Траблы начались когда Мандельштам принялся метать критичные стрелы в имажинизм. Наверняка до Есенина доходили оценки, приведенные в воспоминаниях Надежды Вольпин: «Имажинисты! Образ! Да им лишь бы почуднее накрутить» или «Есенину не о чем говорить. О чем он пишет?! «Я - поэт». Стоит перед зеркалом и любуется - «Я поэт». И чтоб мы все любовались, что он поэт»
Реакция Сергея последовала незамедлительно. Иван Грузинов вспоминал эпизод, относящийся к 1920-му году:
«У открытой двери в комнату правления Союза поэтов Есенин и Осип Мандельштам. Ощетинившийся Есенин, стоя вполуоборот к Мандельштаму:
-Вы плохой поэт! Вы плохо владеете формой! У вас глагольные рифмы!
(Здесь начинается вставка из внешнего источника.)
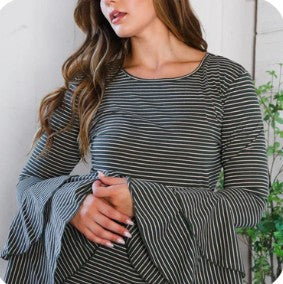 Woman wearing a olive green and white striped top with bell sleeves against a white background.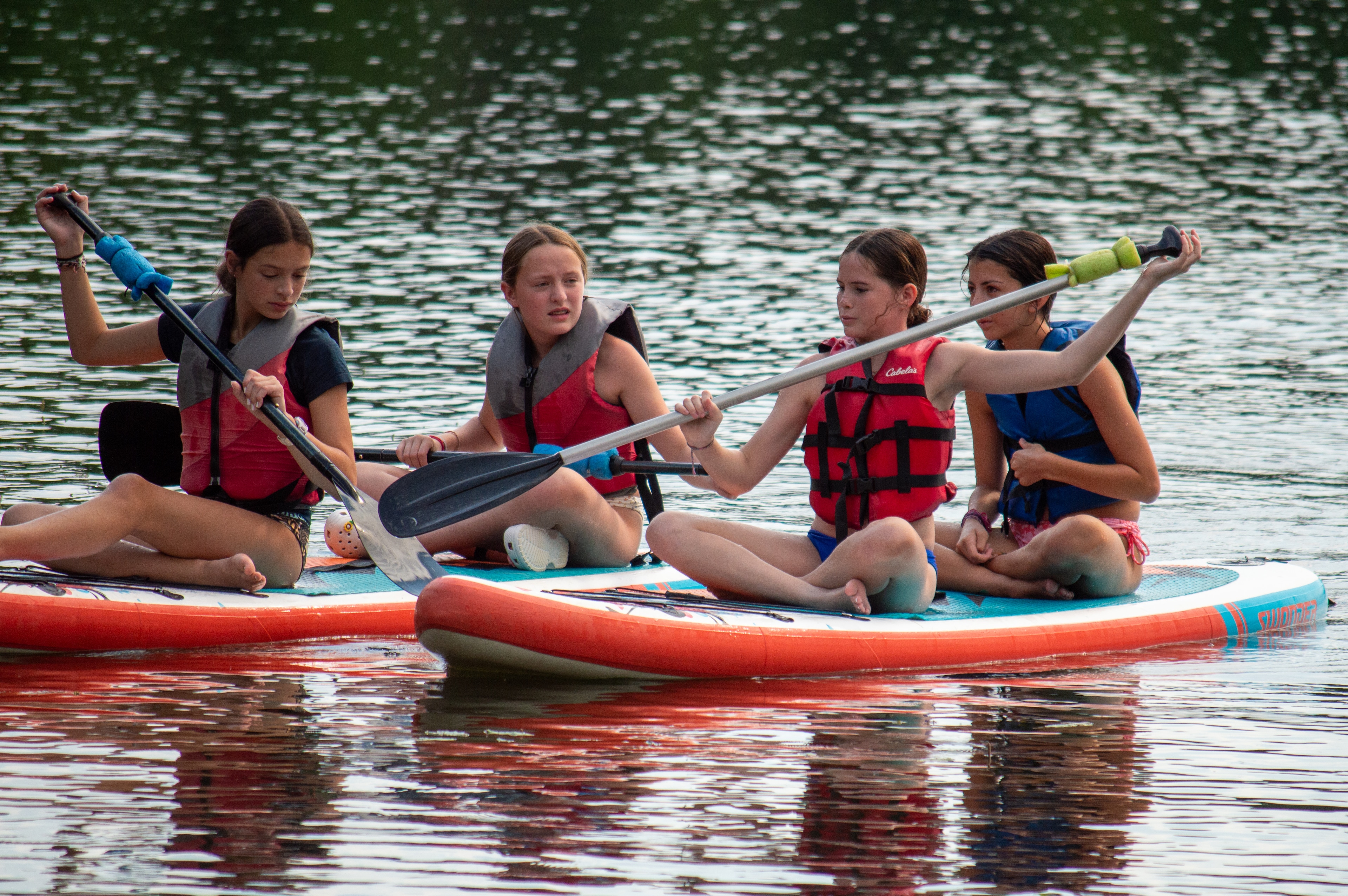 A group of girls on paddle boards on Lake Hubert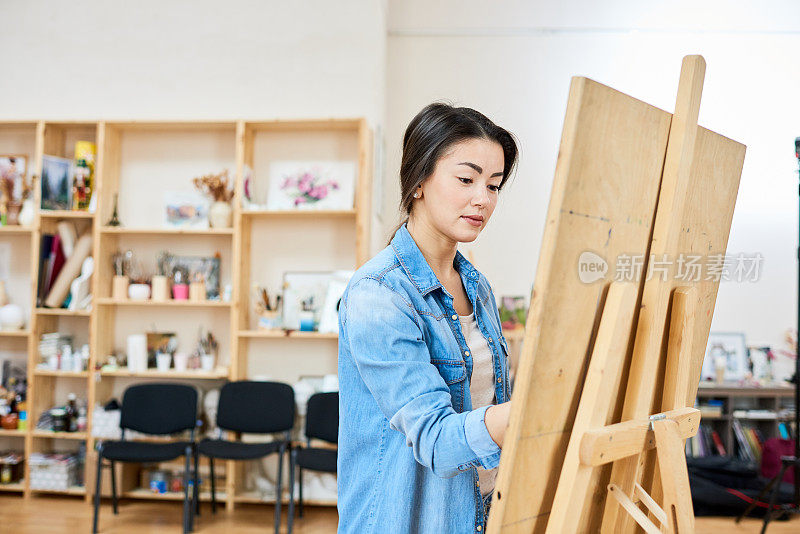 受启发的亚洲艺术家在画架上画画
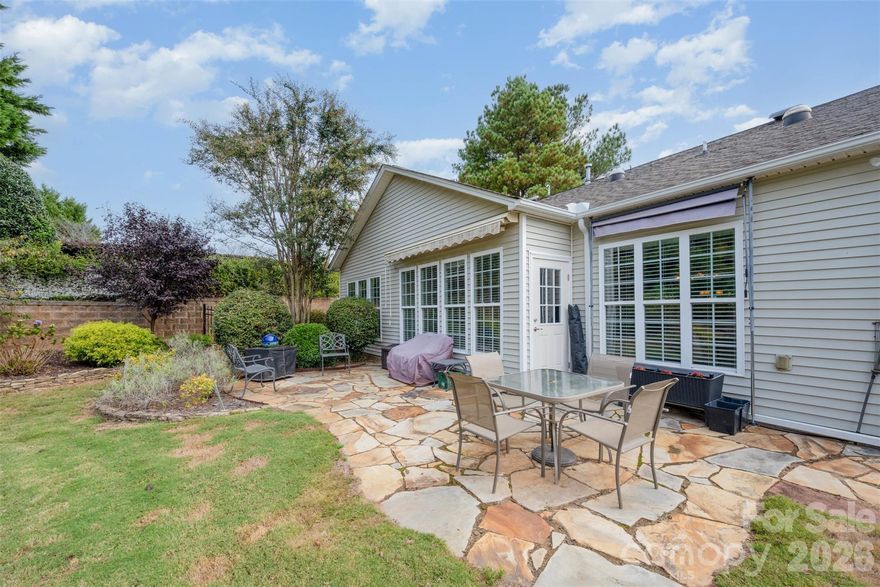 2026 - MONTHLY HOA DUES DROP TO $321. Welcome to your sanctuary! This stylish home offers the perfect blend of functionality and style. The open floor plan features modern touches and an abundance of natural light. Nestled on a peaceful cul-de-sac, this property boasts thoughtfully designed living spaces, pre-finished hardwood floors throughout, and offers a functional flow suitable for both everyday living and entertaining. The kitchen is equipped with granite countertops, ample cabinet space, updated appliances, and an informal dining area. The open-concept layout centers around a spacious great room with a cozy gas fireplace. The bright sunroom is seamlessly connected to the family room and leads out to the custom patio. The beautifully landscaped backyard with a pond and waterfall is the perfect place for morning coffee and entertaining. Carolina Lakes is an amenity-rich active adult community that offers two outdoor pools, one indoor pool, an exercise facility, woodworking/stained glass studio, pottery studio, billiards, clay tennis courts, pickleball, shuffleboard, bocce, hiking trails, and over 160 interest groups and clubs. Come and enjoy your retirement in this beautiful and easy-to-maintain 3 bedroom home in the resort-style Del Webb community of Sun City Carolina Lakes. The premier 55+ community.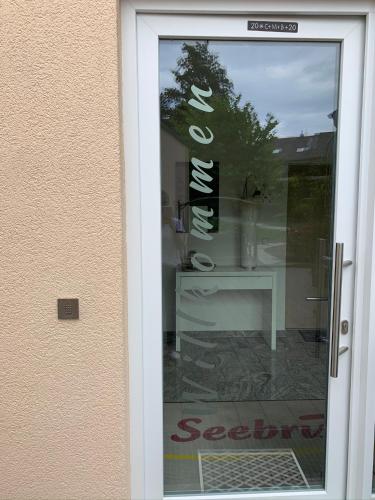 a glass door with a sign that says sea cleaners at Seebrise mit Musik und Wein in Meersburg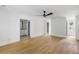 Spacious bedroom with gleaming hardwood floors and a ceiling fan at 1019 Royalist Rd, Mount Pleasant, SC 29464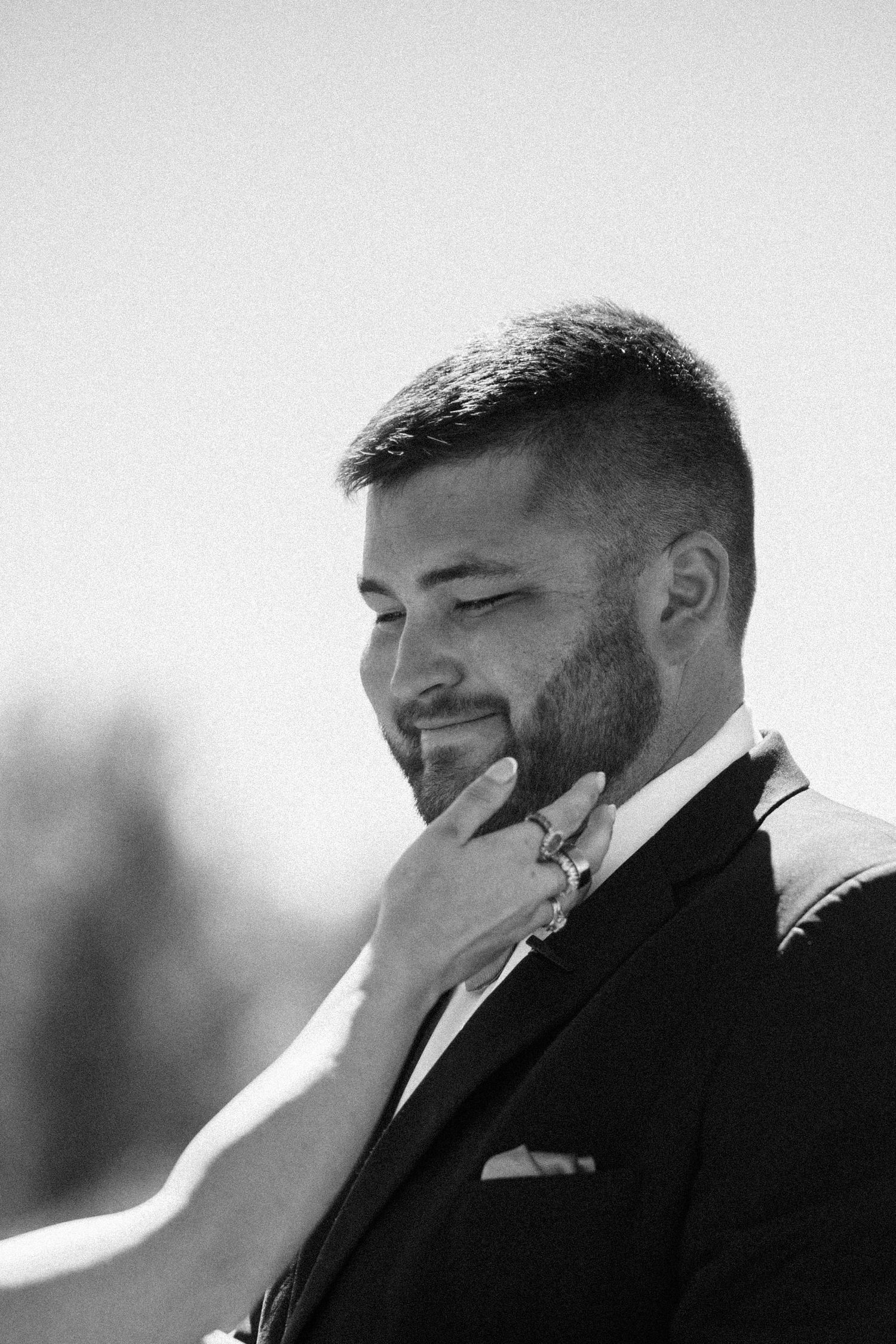 Black and white portrait of a smiling bearded groom in a suit and pocket square as a ring-wearing hand gently touches his chin.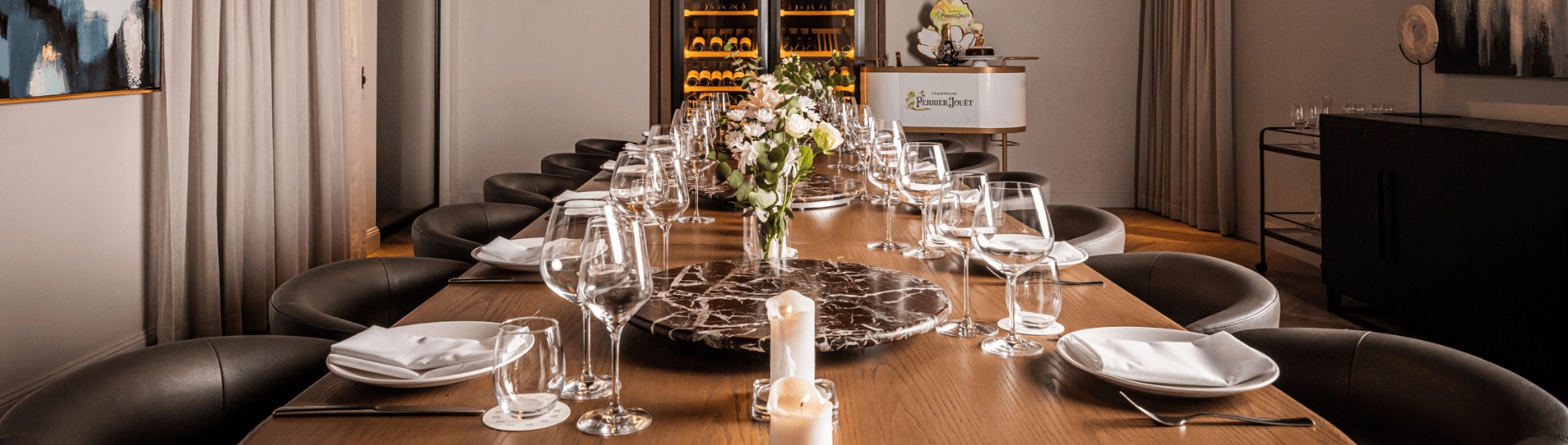 The private dining room at Sydney Common set for a celebration, with a marble lazy-susan table, black leather chairs and champagne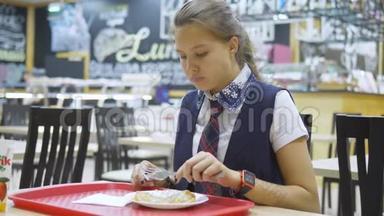 穿着校服的少女坐在<strong>学校食堂</strong>的桌子旁吃东西。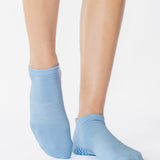 Women wearing a solid light blue full foot grip sock made for Pilates, Barre, Yoga, and beyond. 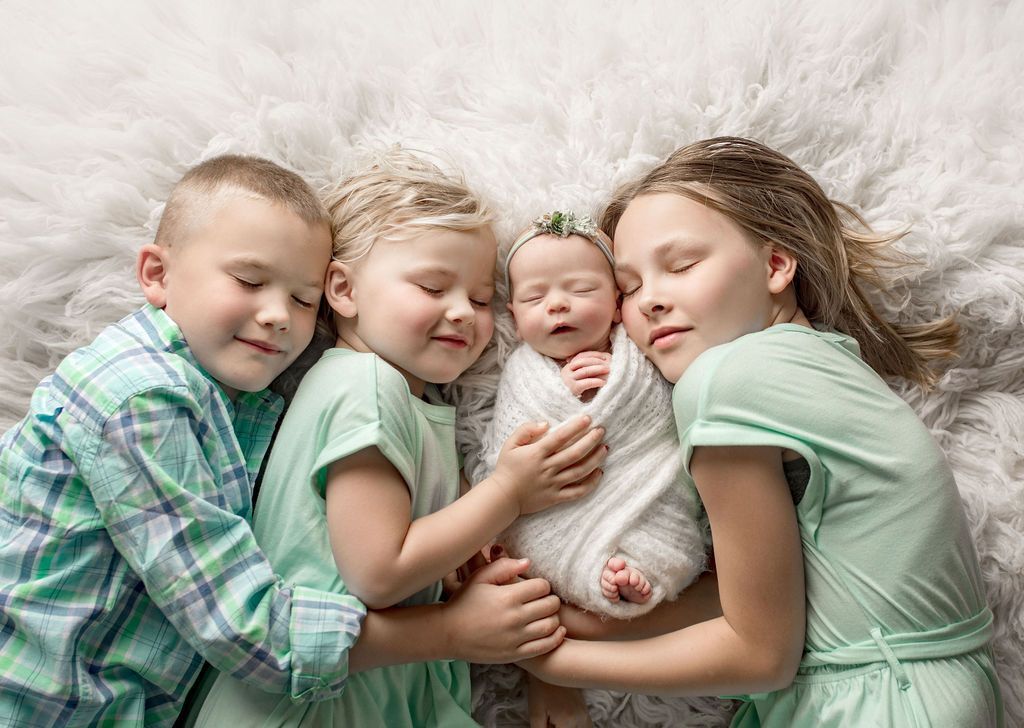 Four children gently embrace a swaddled newborn on a soft white blanket.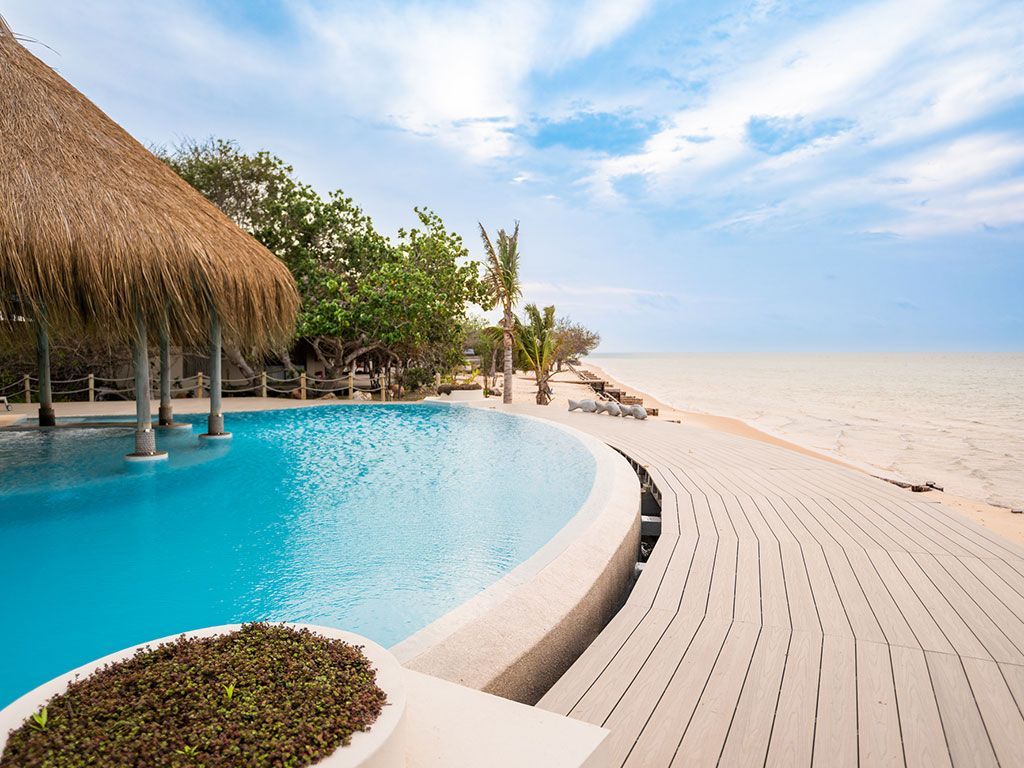 Resort pool beside a sandy beach with thatched shade and turquoise water under a bright sky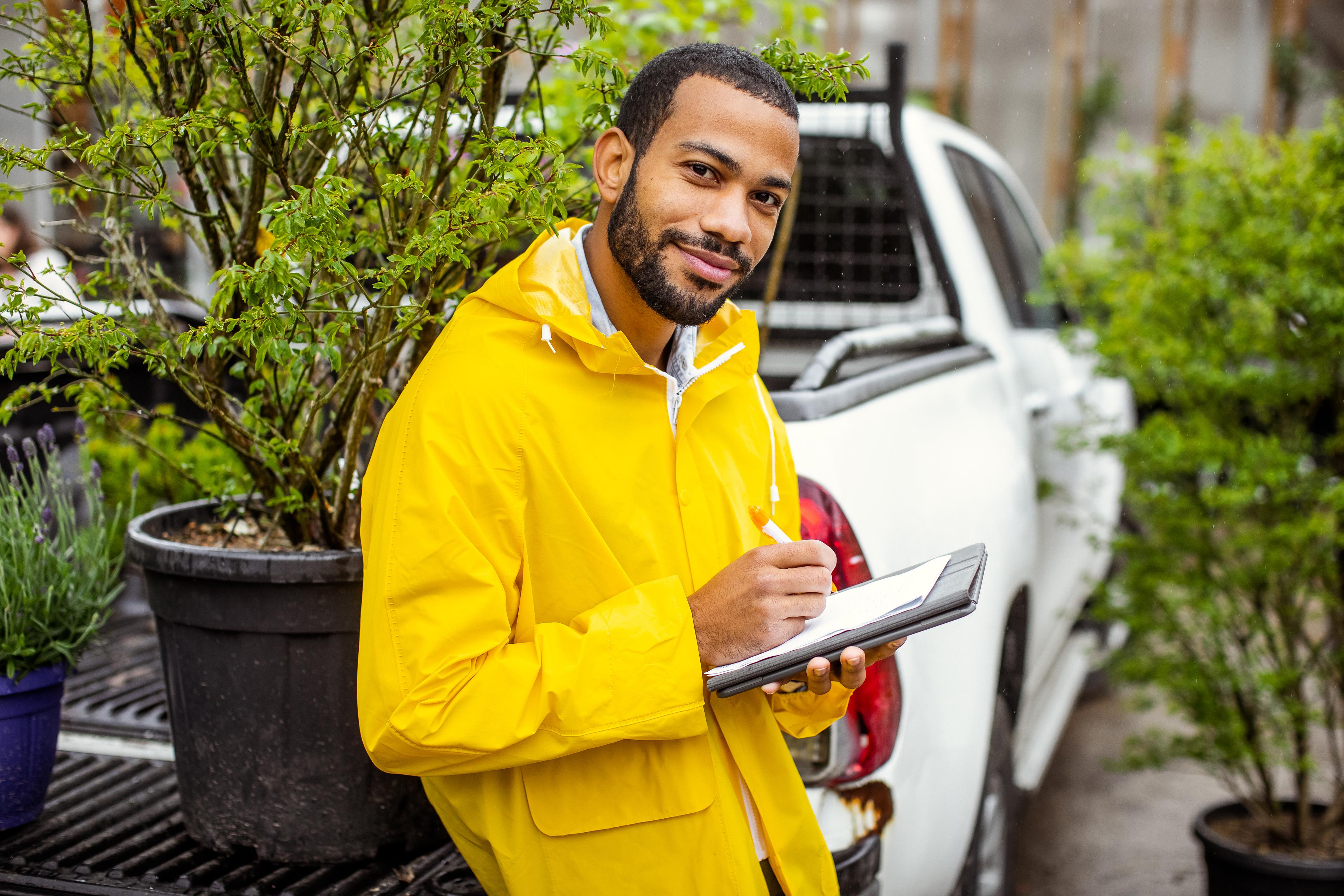 business owner in yellow jacket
Мандельштам возражает. Пыжится. Красный от возмущения и негодования».
Идентичны и воспоминания Вольпин, хотя это уже осень 1921. Есенин подошел к Мандельштаму с заявлением: «А вы, Осип Эмильевич, пишете пла-а-хие стихи!». Вольпин раскрывает и стратегию Есенина, обычно остающуюся за кадром.
«Не позже, как через неделю, с глазу на глаз со мной, в домашней обстановке, Есенин сказал убежденно:
-Если судить по большому счету - чьи стихи действительно прекрасны, так это стихи Мандельштама.
-Зачем же тогда...
И я с укором напоминаю Есенину его давешнюю выходку.
-Ну, то... То было как бы в сшибке поэтических школ».
Сшибка поэтических школ продолжилась, когда на Мандельштама напал Вадим Шершеневич, чей отец приходился троюродным братом отцу Осипа. В фойе Камерного театра имажинист Шершеневич раздразнил Мандельштама до того, что тот отвесил ему пощечину. Дело шло к дуэли, от которой Шершеневич уклонился, но Есенин вызывался быть его секундантом.
В постимажинисткие годы Есенин относился к Мандельштаму ровнее, даже панегрично. Говорил Эмилю Кроткому: «Нас, русских, только трое: я, ты да Мандельштам. Не спорь! Вы русский лучше меня знаете»
Да и жена Мандельштама Надежда, не пропускающая ни одного выпада против мужа, свидетельствует, что слышала от Есенина, что он «этого жида любит»: «Встретили мы его чуть ли не накануне самоубийства, он звал в трактир, и Ося долго каялся, что не пошел».
У Мандельштама была своя версия трагедии Есенина, поэтическая. Он был убежден, что Есенину сломали голос, требуя с него эпик, большую форму, тогда как по складу дарования он лирик. Это суждение не лишено основания, ибо самые кризисные произведения написаны Сергеем в жанре эпичного цикла советских стихов (
ЕСЕНИН И МАСКА СОВЕТСКОГО ПОЭТА).
Не любил Мандельштам и «Персидские мотивы»: «Не его это дело, да и где в Тегеране теперь менялы? Там банки, как и всюду в Европе. А если и есть, то почему меняла выдает рубли взамен местных денег? Надо бы наоборот».
Но было у Осипа любимое стихотворение Есенина, о чем он поведал в «Четвертой прозе»:
«Есть прекрасный русский стих, который я не устану твердить в московские псиные ночи, от которого, как наваждение, рассыпается рогатая нечисть. Угадайте, друзья, этот стих - он полозьями пишет по снегу, он ключом верещит в замке, он морозом стреляет в комнату:
…Не расстреливал несчастных по темницам.
Вот символ веры, вот подлинный канон настоящего писателя, смертельного врага литературы».
Мандельштам стал свидетелем посмертной есенинской славы. Та ширилась, захватывая все больше читателей и Осип Эмильевич терялся, признаваясь: «Вот Есенин, Васильев имели бы на моем месте социальное влияние! Что я? Катенин, Кюхля…»
Время не подтвердило этой его оценки. Тома Есенина и Мандельштама соседствуют на книжных полках.